Greenblatt pledged near the outset that the presentation would be shorter than last year, and admitted that the network had “some ups and downs this year.” After that, however, there was little more than a blur of program previews, with about the only obvious “That makes sense” move being to platform another drama, “Blindspot,” behind “The Voice.”

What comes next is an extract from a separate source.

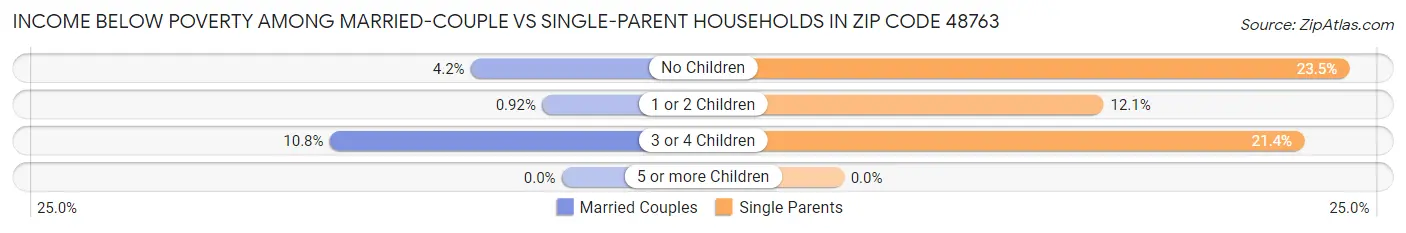 Income Below Poverty Among Married-Couple vs Single-Parent Households in Zip Code 48763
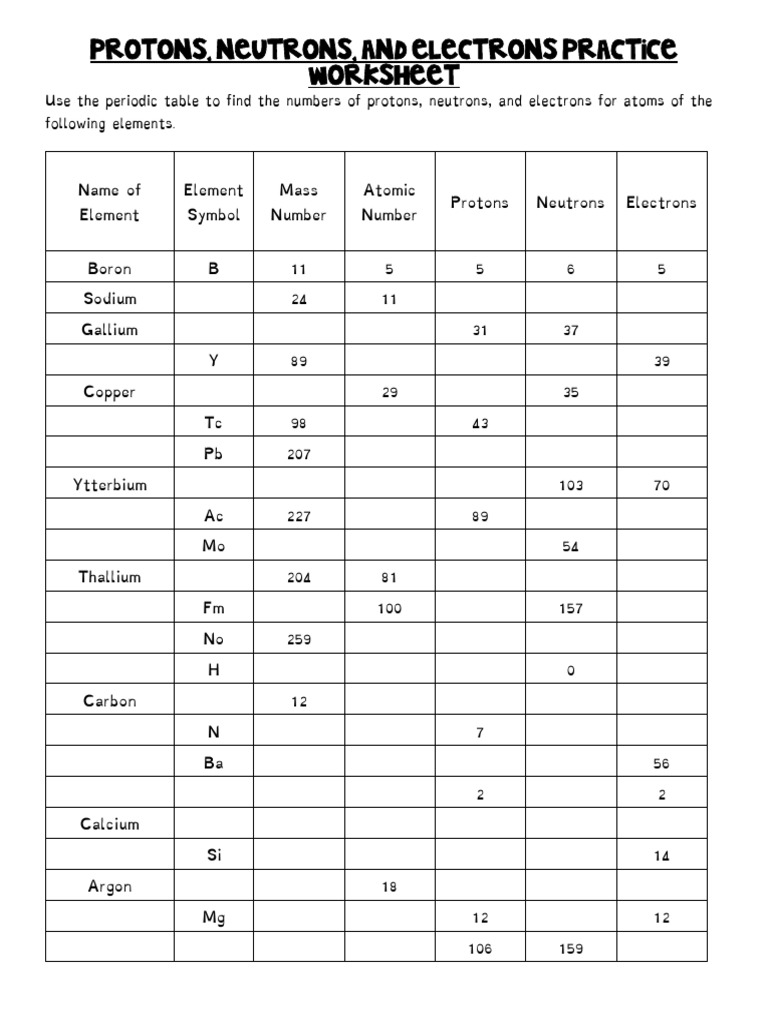 Protons, Neutrons, and Electrons Practice Worksheet PDF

For all the talk in advance about NBC embracing live programming, there was virtually no mention of it — or the possible benefits in a DVR-mad world — on the stage. Harris enlivened the show in the service of plugging his new variety program, “Best Time Ever,” but it felt like a waste to have Jimmy Fallon come out and then say almost nothing — other than quipping “We’re all gonna miss you, buddy” to Greenblatt — before introducing a latenight clip package.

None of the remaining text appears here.